TASK TO COMPLETE:
The answer must reproduce every record exactly, with all pictures omitted.

Captioned web images:
★ ★ ★ ★ ★

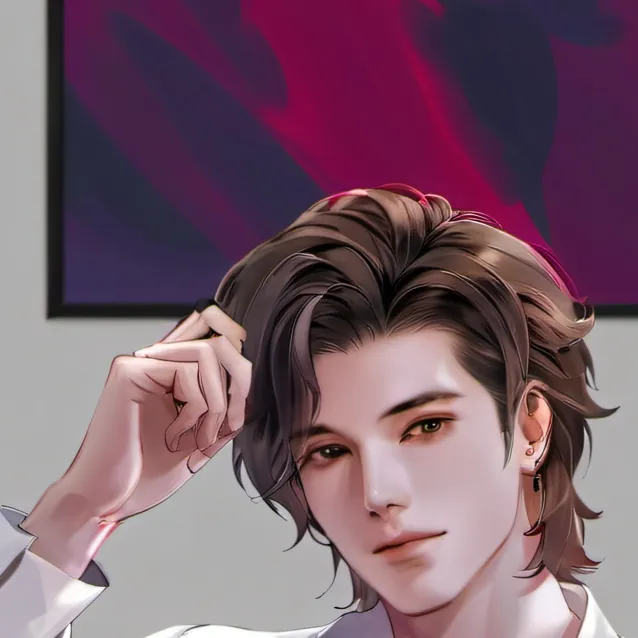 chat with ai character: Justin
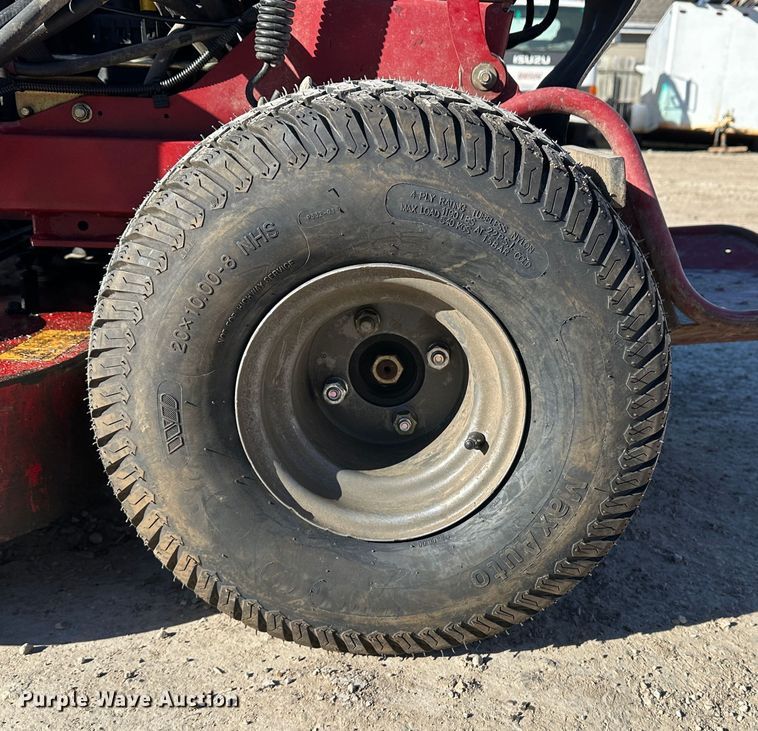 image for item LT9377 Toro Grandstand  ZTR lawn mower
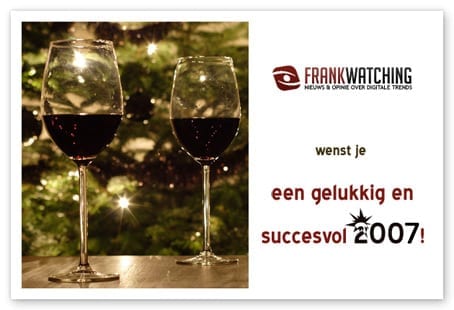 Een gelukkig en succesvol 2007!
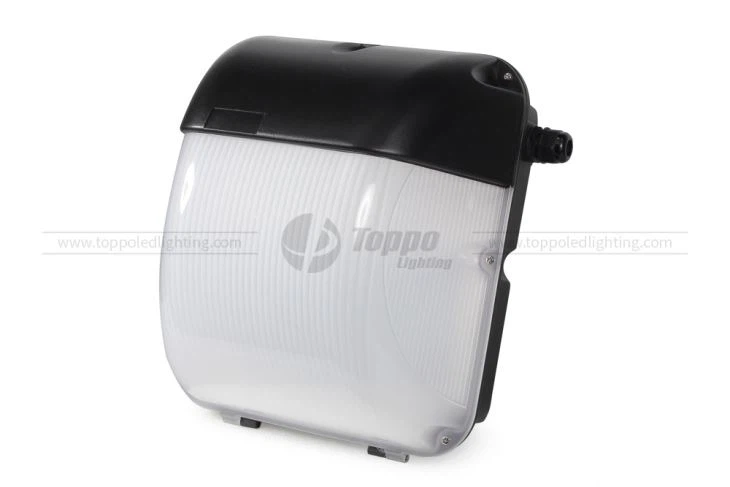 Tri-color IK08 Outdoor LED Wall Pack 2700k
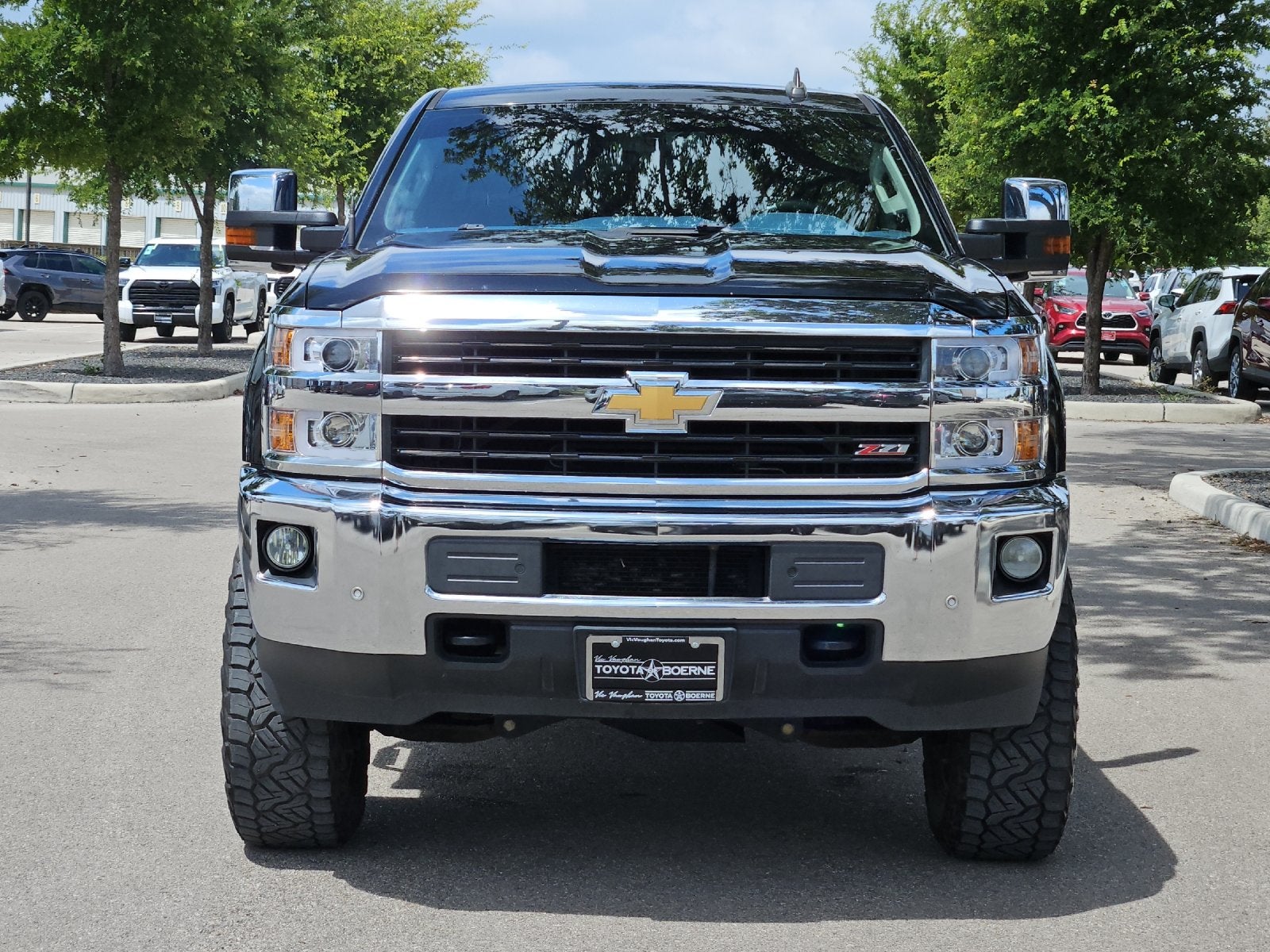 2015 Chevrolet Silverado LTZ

★ ★ ★ ★ ★

RESULT:
 chat with ai character: Justin
 image for item LT9377 Toro Grandstand  ZTR lawn mower
 Een gelukkig en succesvol 2007!
 Tri-color IK08 Outdoor LED Wall Pack 2700k
 2015 Chevrolet Silverado LTZ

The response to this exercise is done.